The line containing "Anterior Posterior Combined Hip Labral Tears" marks the end: write out exactly every line from the first line of the data below through that line, and only those.

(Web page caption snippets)
[Start of Attachment]

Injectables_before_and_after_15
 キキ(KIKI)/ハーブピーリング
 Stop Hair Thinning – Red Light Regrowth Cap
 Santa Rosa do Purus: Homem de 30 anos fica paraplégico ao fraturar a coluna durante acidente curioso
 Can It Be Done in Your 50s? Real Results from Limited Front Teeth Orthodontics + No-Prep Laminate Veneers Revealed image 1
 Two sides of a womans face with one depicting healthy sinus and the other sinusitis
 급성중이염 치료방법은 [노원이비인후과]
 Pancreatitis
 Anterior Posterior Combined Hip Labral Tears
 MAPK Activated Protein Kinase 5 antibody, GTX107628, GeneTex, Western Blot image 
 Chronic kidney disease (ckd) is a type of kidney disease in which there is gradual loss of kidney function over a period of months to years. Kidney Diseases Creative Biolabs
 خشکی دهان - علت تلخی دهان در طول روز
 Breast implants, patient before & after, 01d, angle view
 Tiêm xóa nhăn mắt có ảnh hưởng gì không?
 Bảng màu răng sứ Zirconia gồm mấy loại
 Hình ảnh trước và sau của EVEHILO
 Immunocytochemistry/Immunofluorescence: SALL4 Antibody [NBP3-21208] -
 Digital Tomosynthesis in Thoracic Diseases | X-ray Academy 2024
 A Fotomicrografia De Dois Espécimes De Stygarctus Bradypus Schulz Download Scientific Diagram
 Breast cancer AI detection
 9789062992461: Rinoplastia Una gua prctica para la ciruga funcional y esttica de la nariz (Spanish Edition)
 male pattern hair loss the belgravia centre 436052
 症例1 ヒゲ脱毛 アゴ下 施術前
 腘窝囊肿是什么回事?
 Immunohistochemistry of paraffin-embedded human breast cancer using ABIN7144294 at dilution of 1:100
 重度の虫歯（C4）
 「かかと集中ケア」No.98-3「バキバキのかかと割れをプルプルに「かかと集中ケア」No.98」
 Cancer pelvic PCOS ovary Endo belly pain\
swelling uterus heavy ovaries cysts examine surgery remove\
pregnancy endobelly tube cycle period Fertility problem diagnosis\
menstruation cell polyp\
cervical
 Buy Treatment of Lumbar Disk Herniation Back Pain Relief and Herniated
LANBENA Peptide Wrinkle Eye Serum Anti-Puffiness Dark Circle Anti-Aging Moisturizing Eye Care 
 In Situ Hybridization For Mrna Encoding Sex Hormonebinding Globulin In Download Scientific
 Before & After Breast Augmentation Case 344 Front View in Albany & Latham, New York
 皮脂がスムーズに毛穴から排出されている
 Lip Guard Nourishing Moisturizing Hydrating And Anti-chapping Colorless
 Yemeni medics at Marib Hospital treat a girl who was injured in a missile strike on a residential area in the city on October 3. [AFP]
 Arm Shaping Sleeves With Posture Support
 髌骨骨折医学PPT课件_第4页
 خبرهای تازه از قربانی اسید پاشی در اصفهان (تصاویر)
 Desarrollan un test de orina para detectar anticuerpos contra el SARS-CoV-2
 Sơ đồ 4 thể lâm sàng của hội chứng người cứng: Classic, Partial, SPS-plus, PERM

[End of Attachment]

*WRITTEN ANSWER:*
Injectables_before_and_after_15
 キキ(KIKI)/ハーブピーリング
 Stop Hair Thinning – Red Light Regrowth Cap
 Santa Rosa do Purus: Homem de 30 anos fica paraplégico ao fraturar a coluna durante acidente curioso
 Can It Be Done in Your 50s? Real Results from Limited Front Teeth Orthodontics + No-Prep Laminate Veneers Revealed image 1
 Two sides of a womans face with one depicting healthy sinus and the other sinusitis
 급성중이염 치료방법은 [노원이비인후과]
 Pancreatitis
 Anterior Posterior Combined Hip Labral Tears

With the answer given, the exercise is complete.